>>>

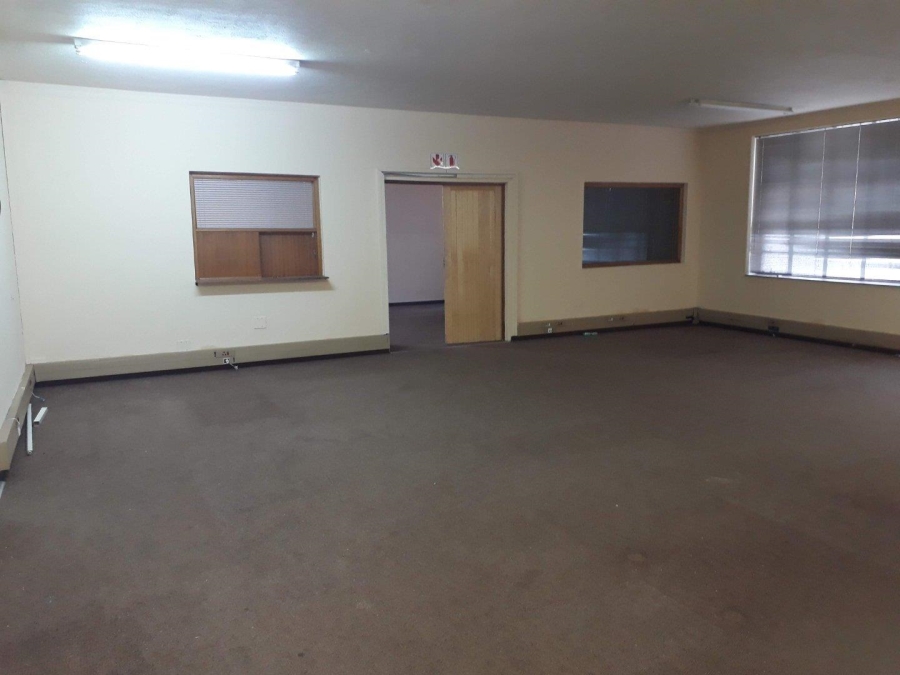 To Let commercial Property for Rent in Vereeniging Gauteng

<<<
>>>

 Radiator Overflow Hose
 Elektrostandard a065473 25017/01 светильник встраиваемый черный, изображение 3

<<<
>>>

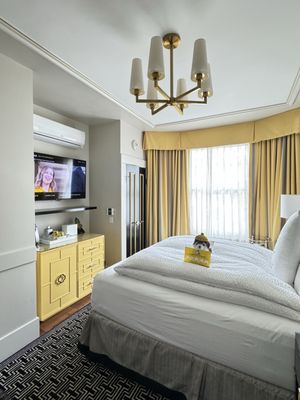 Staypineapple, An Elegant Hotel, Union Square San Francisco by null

<<<

_Task prompt_
Once you find the line with "Radiator Overflow Hose" above, print it and every line after it up to and including the line with "Elektrostandard a065473 25017/01", exactly as written and nothing else.

_Answer_
 Radiator Overflow Hose
 Elektrostandard a065473 25017/01 светильник встраиваемый черный, изображение 3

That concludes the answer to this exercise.